И вот 15 декабря 1634 года четверо отцов-иезуитов въехали в Луден. Одним из них был Жан-Жозеф Сурен. Отец Боир, провинциал Аквитанский, избрал молодого монаха в экзорцисты. Потом, правда, передумал и отменил свой приказ, но было поздно — Сурен уже покинул Маренн, чтобы отбыть к месту назначения. В конце концов миссия осталась за ним.
В ту пору Сурену было тридцать четыре года, он находился в середине жизненной дороги. Его характер сформировался, образ мыслей определился раз и навсегда. Собратья по ордену высоко оценивали его способности, уважали его религиозное рвение и аскетизм, страстное стремление к христианскому совершенству. Однако восхищению сопутствовала и некоторая настороженность. Отец Сурен обладал всеми задатками героя веры, но наиболее осторожные из иезуитов усматривали в личности Жан-Жозефа и некоторые тревожные черты. Например, любовь к чрезмерности в словах и поступках. Он говорил, что «человек, не доходящий до крайностей в божественных вопросах, никогда не приблизится к Господу». Мысль правильная, но с тем условием, что «крайности» имеют нужную направленность. Некоторые из оригинальных идей молодого монаха, по форме будучи вполне ортодоксальными, пугали своей непримиримостью. Например, Сурен говорил, что готов отдать свою жизнь за людей, рядом с которыми живет, но «в то же время намерен обращаться с ними так, как если бы они были его врагами». Надо полагать, что такая позиция не слишком облегчала жизнь братии, делившей с Суреном стол и кров. Подобное отношение к другим людям можно назвать антисоциальным, а помимо того, Сурен отличался еще и крайней безапелляционностью в вопросах праведности. Он говорил: «Мы должны искоренять в себе тщеславие столь же безжалостно, как святотатство, а невежество и несовершенство карать с беспредельной жестокостью». К столь непримиримому ригоризму Сурен присовокуплял еще и опасный интерес к так называемым «особенным дарам», то есть чудесным способностям, которыми иногда обладают святые праведники. Наставники и начальники монаха относились к этому пристрастию неодобрительно, потому что «особенные дары» вовсе не обязательны душе для спасения. Отец Анжино, друг Сурена, писал про него много лет спустя: «С раннего детства подобные вещи влекли его, и он придавал им слишком большое значение. Пришлось дать ему возможность идти по жизни этим путем, непривычным и необычным для большинства».

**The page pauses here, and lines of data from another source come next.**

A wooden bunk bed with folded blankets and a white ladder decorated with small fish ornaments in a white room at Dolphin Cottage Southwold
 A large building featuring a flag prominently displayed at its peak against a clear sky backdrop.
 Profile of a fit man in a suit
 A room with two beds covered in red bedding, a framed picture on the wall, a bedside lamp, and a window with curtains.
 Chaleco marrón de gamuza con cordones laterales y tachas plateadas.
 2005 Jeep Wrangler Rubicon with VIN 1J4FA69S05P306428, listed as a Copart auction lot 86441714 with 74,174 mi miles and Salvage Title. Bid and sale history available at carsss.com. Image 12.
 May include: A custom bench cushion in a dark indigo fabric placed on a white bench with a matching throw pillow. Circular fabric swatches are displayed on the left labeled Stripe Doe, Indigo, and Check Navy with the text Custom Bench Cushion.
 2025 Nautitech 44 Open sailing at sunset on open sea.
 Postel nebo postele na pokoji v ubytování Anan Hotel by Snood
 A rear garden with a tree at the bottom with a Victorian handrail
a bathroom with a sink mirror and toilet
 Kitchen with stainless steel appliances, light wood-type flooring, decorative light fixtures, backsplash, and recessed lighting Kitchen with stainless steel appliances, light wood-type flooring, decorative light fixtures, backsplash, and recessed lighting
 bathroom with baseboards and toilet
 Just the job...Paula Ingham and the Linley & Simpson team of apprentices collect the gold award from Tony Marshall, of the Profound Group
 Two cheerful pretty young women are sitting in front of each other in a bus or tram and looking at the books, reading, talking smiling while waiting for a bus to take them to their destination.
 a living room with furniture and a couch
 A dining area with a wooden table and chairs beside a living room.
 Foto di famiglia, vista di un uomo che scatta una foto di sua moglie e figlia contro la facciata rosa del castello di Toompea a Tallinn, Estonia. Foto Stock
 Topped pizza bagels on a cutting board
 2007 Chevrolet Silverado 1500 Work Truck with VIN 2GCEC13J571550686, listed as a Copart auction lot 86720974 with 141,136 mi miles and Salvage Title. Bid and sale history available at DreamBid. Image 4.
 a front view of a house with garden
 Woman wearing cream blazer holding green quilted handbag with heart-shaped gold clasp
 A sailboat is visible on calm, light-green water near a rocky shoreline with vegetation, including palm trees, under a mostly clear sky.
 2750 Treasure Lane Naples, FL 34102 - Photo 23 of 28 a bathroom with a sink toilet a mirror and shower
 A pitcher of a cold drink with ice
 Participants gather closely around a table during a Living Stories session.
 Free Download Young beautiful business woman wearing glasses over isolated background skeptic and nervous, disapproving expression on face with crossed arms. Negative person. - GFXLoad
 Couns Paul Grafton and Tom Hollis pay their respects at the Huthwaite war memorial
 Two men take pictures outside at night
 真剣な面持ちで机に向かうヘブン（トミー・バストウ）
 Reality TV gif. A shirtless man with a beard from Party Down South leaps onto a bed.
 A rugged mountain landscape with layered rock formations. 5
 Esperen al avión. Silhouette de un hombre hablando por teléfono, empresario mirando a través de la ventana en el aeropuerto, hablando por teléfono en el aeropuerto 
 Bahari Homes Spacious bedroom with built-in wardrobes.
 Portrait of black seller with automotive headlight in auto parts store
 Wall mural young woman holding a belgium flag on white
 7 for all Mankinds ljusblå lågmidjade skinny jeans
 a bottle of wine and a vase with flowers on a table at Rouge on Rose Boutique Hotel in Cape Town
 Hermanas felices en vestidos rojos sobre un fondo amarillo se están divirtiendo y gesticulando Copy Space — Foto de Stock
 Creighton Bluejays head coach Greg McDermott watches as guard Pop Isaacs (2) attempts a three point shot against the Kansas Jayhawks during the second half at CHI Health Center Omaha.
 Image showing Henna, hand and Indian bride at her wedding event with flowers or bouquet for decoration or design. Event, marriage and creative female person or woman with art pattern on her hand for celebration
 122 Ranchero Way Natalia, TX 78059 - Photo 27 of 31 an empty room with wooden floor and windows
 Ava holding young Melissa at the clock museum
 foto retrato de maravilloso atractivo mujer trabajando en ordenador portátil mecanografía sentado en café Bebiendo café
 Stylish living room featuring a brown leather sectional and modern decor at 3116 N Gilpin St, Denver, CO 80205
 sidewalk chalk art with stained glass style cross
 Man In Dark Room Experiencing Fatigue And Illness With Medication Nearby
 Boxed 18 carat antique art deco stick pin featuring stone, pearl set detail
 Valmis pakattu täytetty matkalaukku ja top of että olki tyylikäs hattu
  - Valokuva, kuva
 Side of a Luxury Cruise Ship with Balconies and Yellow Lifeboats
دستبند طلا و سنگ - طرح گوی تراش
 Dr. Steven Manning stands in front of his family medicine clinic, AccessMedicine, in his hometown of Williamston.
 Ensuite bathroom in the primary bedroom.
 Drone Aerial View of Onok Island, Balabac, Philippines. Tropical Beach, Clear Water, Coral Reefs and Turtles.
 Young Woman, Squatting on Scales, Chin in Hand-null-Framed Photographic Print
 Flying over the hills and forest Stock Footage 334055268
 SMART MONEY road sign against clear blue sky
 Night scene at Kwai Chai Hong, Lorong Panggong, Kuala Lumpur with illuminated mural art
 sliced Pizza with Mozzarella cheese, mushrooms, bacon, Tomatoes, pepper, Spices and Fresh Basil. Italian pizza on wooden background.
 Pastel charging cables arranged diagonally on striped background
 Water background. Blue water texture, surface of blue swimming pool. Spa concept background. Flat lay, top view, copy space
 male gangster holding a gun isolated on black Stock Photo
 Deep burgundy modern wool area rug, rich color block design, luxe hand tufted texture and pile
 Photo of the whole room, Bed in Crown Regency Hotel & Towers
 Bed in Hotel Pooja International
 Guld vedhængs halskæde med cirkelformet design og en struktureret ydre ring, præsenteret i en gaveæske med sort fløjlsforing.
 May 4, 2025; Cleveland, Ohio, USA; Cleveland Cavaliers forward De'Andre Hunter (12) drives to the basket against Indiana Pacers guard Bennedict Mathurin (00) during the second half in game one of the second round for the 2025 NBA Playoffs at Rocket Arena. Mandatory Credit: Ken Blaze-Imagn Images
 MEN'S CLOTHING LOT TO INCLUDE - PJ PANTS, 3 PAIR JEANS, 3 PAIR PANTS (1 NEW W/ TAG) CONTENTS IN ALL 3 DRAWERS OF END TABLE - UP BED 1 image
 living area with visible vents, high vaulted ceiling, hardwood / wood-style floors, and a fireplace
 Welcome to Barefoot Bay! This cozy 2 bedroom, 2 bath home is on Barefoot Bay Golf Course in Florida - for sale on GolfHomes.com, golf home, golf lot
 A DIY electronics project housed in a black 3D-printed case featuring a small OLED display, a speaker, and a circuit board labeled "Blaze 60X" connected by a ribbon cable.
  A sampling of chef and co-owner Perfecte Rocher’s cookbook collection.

В рыбацком порту Маренне, где Сурен провел четыре года после своего «второго послушничества» в Руане, он стал духовным наставником двух странных женщин. Одну звали мадам дю Верже, она была женой богатого и благочестивого купца. Вторая звалась Мадлен Буане, она была дочерью ремесленника-протестанта, но перешла в католичество. Обе эти особы (в особенности мадам дю Верже) обладали пресловутыми «особыми дарами». Сурен добросовестнейшим образом записывал все видения и откровения, являвшиеся госпоже дю Верже. Свои записи он давал почитать друзьям. В этом ничего дурного, разумеется, не было. Однако зачем уделять так много внимания предмету, природа которого неясна и двусмысленна? Лишь «обычные дары» способны привести душу на небеса, зачем же тогда заниматься «необычными»? Ведь никогда не знаешь, кем явлены эти чудеса — Богом или дьяволом. А может быть, они вообще плод воображения или результат мошенничества? Если отец Сурен стремился к совершенству, то пусть шел бы себе к нему той же дорогой, что и другие члены ордена — дорогой послушания и праведности, молитвы и благочестивого созерцания.
Еще хуже, с точки зрения окружающих, было то, что Сурен не отличался хорошим здоровьем и был подвержен неврозам — или, как их в ту пору называли, «меланхолии». Еще за два года до приезда в Луден он перенес тяжелое заболевание психосоматического характера. Малейшее физическое усилие вызывало у него острые мышечные боли. Когда он пытался читать, начиналась жестокая головная боль. Временами рассудок Сурена как бы затемнялся, и он жил, одолеваемый «агониями и терзаниями столь непомерными, что не знал, чем все это может закончиться». Может быть, особенности поведения монаха и все его учение были не более чем продуктом больного духа, жившего в нездоровом теле?